## DATA PROVIDED
====
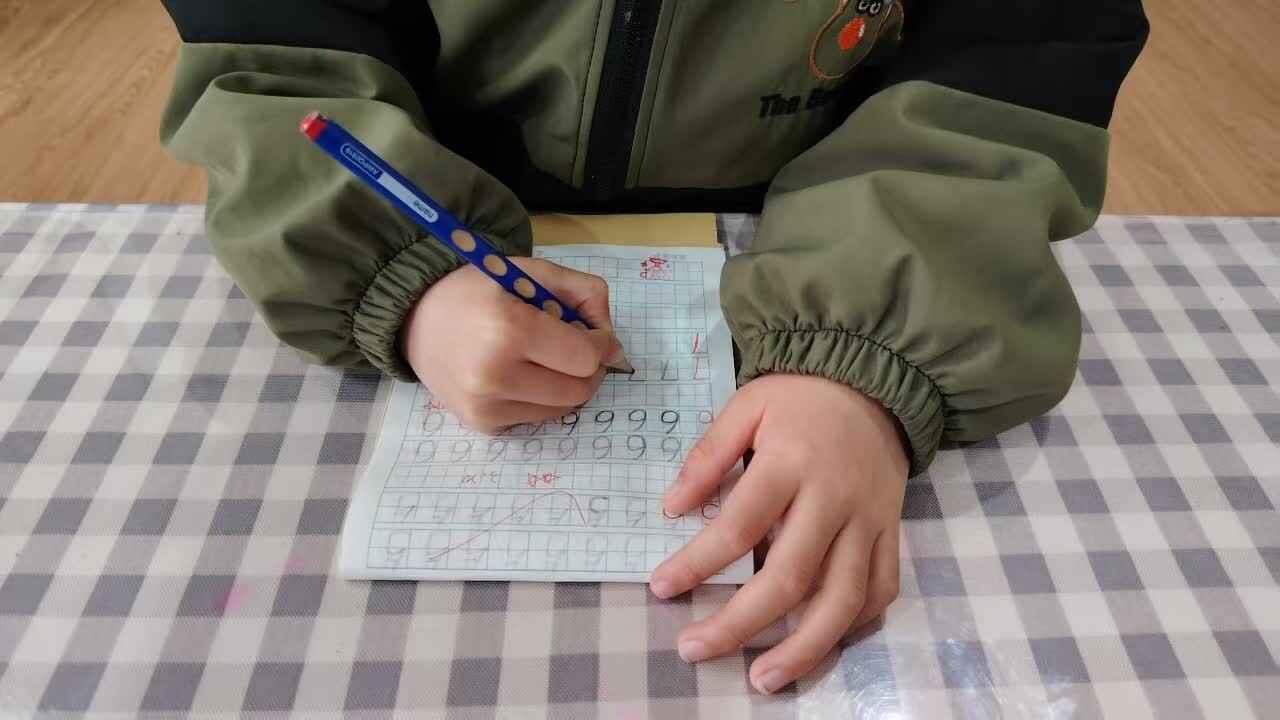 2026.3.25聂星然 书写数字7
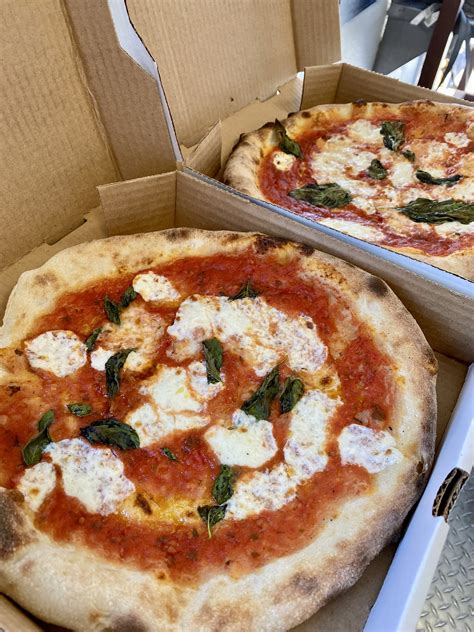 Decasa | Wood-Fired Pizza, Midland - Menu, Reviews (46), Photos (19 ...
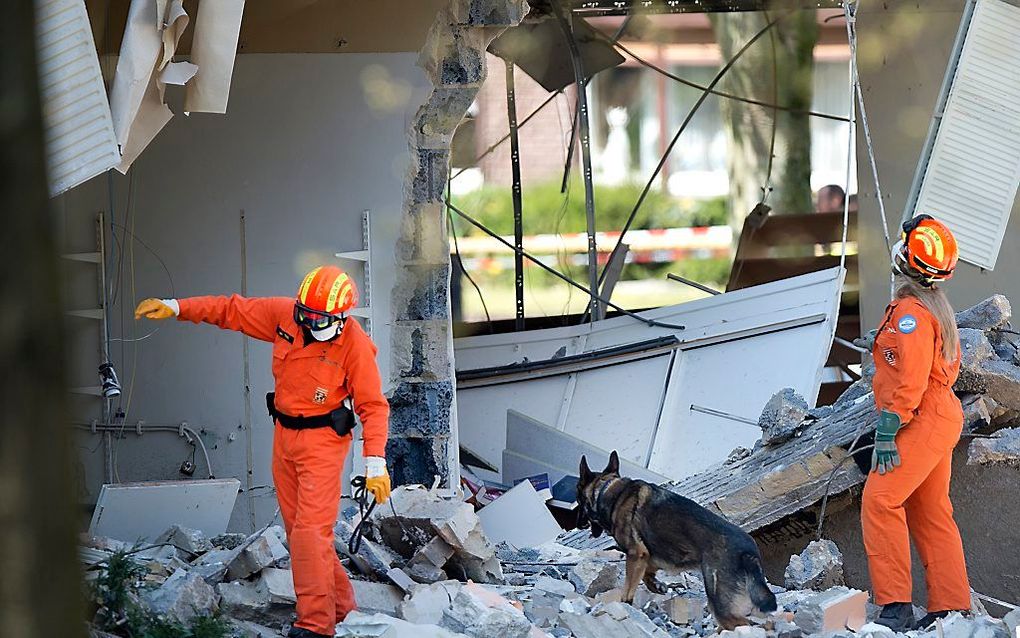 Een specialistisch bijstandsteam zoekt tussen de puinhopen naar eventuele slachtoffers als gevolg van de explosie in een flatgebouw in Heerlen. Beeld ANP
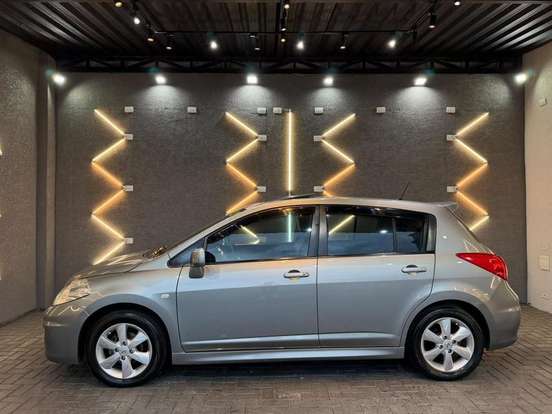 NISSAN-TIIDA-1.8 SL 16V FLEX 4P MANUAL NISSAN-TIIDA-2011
====
## TASK REQUIREMENTS
Strip the images and return the remaining data exactly.

## RESULT OF THE TASK
 2026.3.25聂星然 书写数字7
 Decasa | Wood-Fired Pizza, Midland - Menu, Reviews (46), Photos (19 ...
 Een specialistisch bijstandsteam zoekt tussen de puinhopen naar eventuele slachtoffers als gevolg van de explosie in een flatgebouw in Heerlen. Beeld ANP
 NISSAN-TIIDA-1.8 SL 16V FLEX 4P MANUAL NISSAN-TIIDA-2011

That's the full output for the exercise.